Dans la légèreté ambiante de la série (l’omniprésence de Tatum, alors que concrètement je n’ai aucun souvenir de l’avoir vue bosser dans aucun des deux épisodes, et l’arrogance permanente de Ben, y contribuent fortement), le drame est donc exploré avec prudence. Et après tout ce n’est pas plus mal : il ne s’agit pas de jouer les montagnes russes. Bien que j’aime beaucoup quand une série légale nous offre des moments bouleversants dans une affaire, je dois reconnaître qu’il est plus équilibré de ne pas partir dans du drame trop sombre vu la tonalité générale des autres scènes. D’un autre côté il n’y a pas de gag à proprement parler non plus, pas de gros délire, pas de bizarrerie incroyable ; c’est vraiment de la dramédie pure, parfaitement à mi-chemin. On apprécie ou pas, mais il n’empêche, c’est plaisant d’avoir su trouver le ton juste.

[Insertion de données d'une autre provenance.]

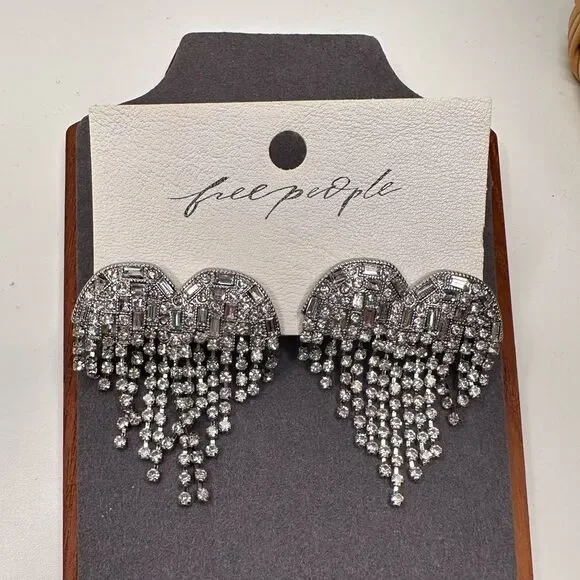 Free People Hearts On Fire Dangle Earrings Rhinestone Heart Fringe Statement NWT - Picture 2 of 12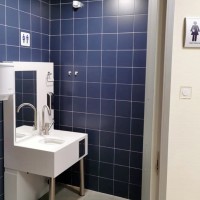 El Universitario de Cáceres instala el primer baño adaptado para pacientes ostomizados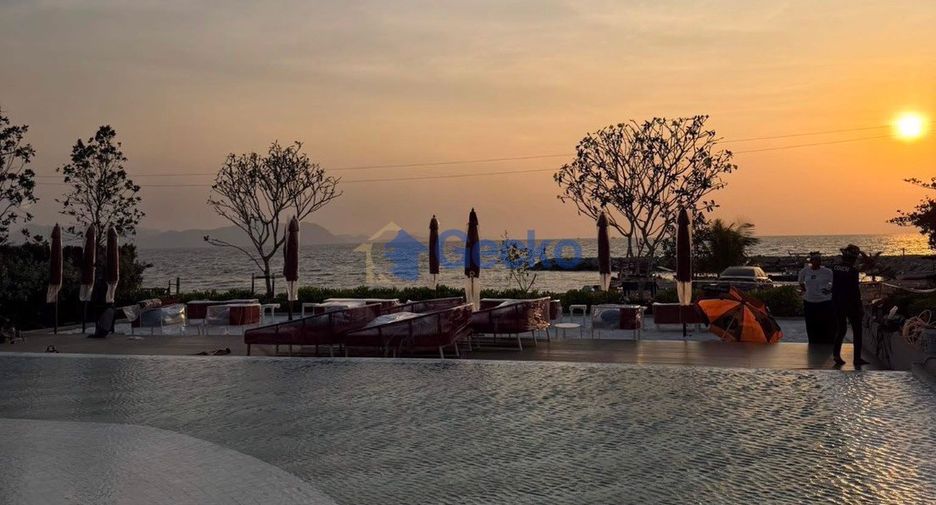 For sale 1 bed condo in Sattahip, Chonburi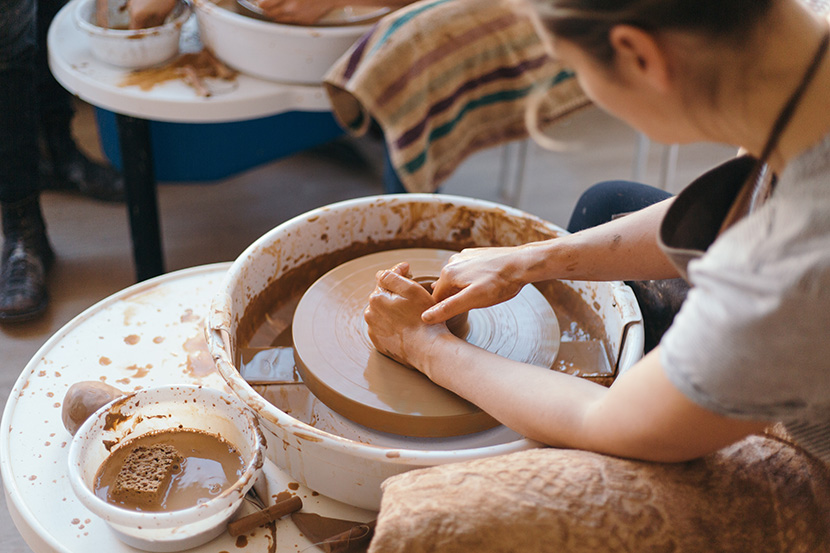 制作陶器的女工人
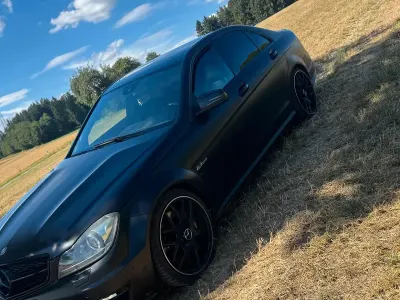 Gebraucht Mercedes C63 AMG AMG 510 PS (375 kW) 2013 Weiß Limousine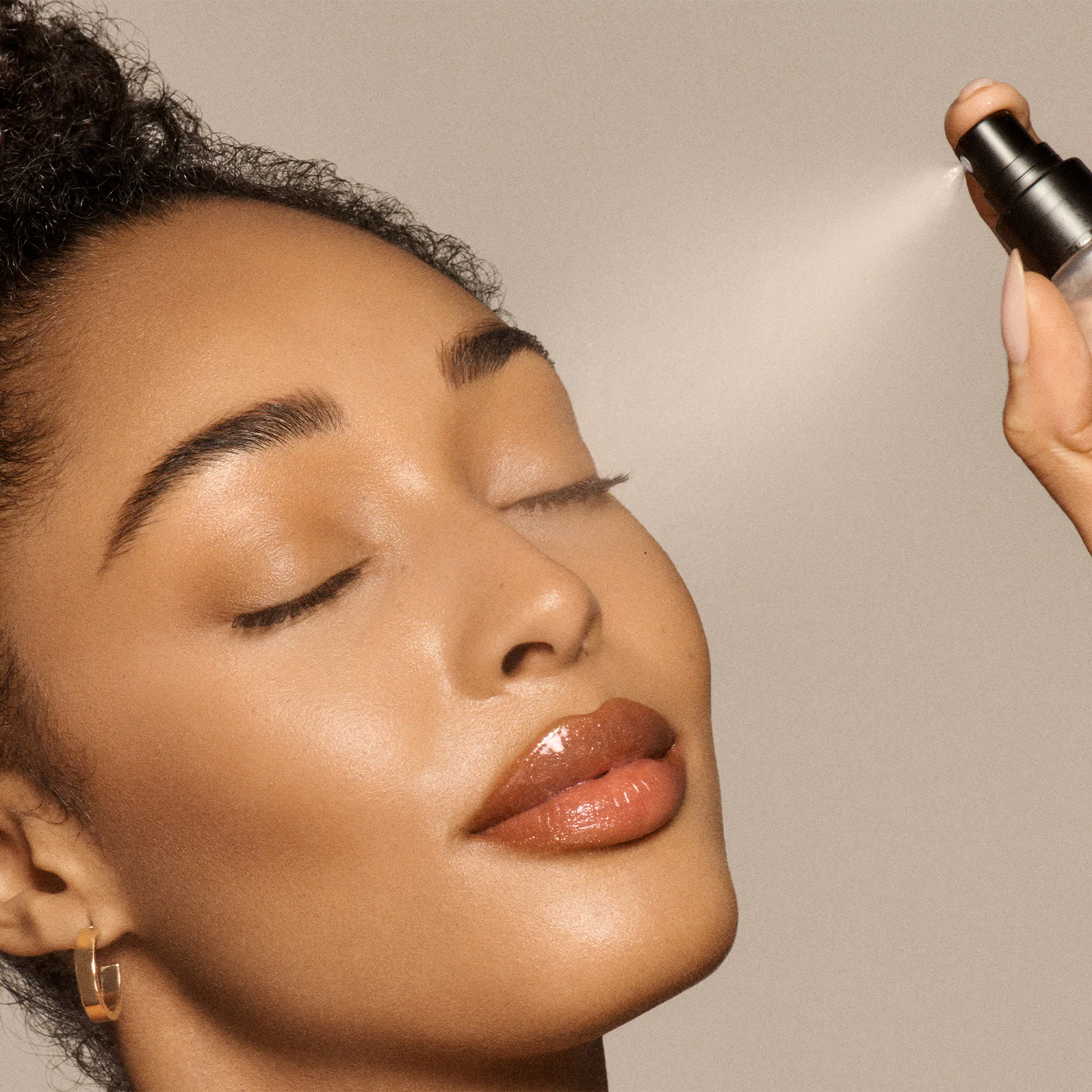 Invisiveil Setting Spray Travel Size - Image 6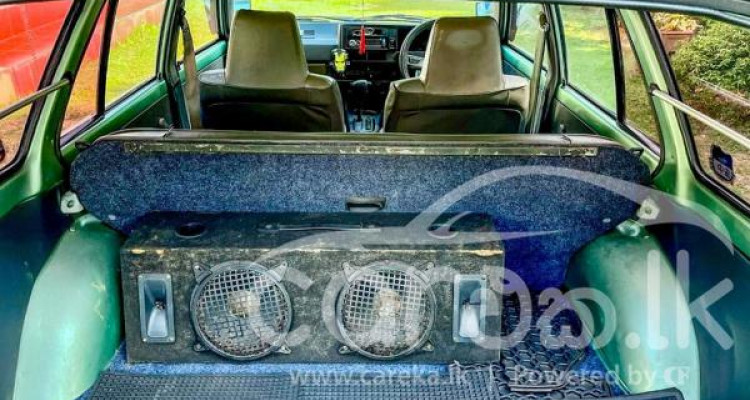 TOYOTA COROLLA DX WAGON KE72 1985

Certains personnages sont donc plus appréciables que d’autres, plus approfondis que d’autres, plus agréables visuellement que d’autres (plusieurs des acteurs sont des anciens, même de façon fugace, du soap Home and Away ; alors après c’est vrai aussi que l’interprète de Ben était dans Cloudstreet, ça n’augure en rien de leur talent, mais enfin les moches courent pas les couloirs du bureau du procureur, quoi)…
Rien de révolutionnaire dans la série Crownies, c’est certain. Mais un légal drama agréable, porté par un cast sympathique et une écriture qui n’a pas à rougir, ça fait toujours plaisir.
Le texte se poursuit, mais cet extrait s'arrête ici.